The relentless march of progress

Except that, at the end of the 20th century, that is exactly what happened to a small group of Indians who’d lived a semi-nomadic lifestyle for thousands of years in South America.
Parojnai, Ibore and their five children were members of the Ayoreo tribe.
Parojnai “We thought that the beast with the metal skin could see us. We thought that it had seen our garden and came to eat the fruit and to eat us too.”
And of course they were quite right. The bulldozer had come to eat their land and their way of life.
Ibore “Parojnai asked me if I was scared of the stranger. I said I’m not scared. So we went to get a closer look.”
On meeting the logger Ibore tried to reassure the stranger. “There is no reason to run,” she said. “We are good people.”
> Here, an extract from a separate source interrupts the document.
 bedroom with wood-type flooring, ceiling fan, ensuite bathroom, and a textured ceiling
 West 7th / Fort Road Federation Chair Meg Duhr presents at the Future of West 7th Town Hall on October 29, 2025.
They may have been separated by thousands of years of human development, but on both sides, their tastes, their needs, proved humanly familiar. Decoration, nice things, a shared humanity.
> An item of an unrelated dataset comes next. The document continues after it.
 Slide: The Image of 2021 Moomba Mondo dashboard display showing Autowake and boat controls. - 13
Under the layers of experience that we call progress, we’re still driven by the same instincts and desires that ruled us right at the beginning of the human story. Today we’re are armed with gadgets, computers, phones, and what do we do with them? The same shopping, gossiping, consuming and sometimes protesting that we’ve always done.
Although now there are 7 billion of us and rising rapidly. Either we manage differently, no longer devouring quite so much so fast of the earth’s natural resources, or we’ll have to shrink our numbers.
So, the decisions we make in the next 50 years may well decide our fate.

Now, Brazil is going to be one of the most important countries in the world in the century ahead. If they can get the balance between a better life and democracy without destroying the environment.. Big if, but if they can get that balance right here in Brazil, then perhaps mankind can get it right.
But getting it right must mean drawing on our past experience. What else have you got to learn from but our history, all of our history? The history of the world.
Clever Ape
Homo sapiens means “wise man”. Really? Clever, certainly. Our technical accomplishments, awesome. We understand our planet, the origins of our universe, even ourselves, as we’ve never done before, and we live in societies much less violent than most of those you’ve seen in this series. But we are still deadly dangerous, very greedy and bad at looking ahead. I’d say we’re a clever ape in a spot of bother.
Societies have faced catastrophe before and found ways through them, and there’s no reason why we can’t do the same. But at the end of this series, the only absolutely clear and safe prediction that I can give you is that the most interesting part of human history lies just ahead.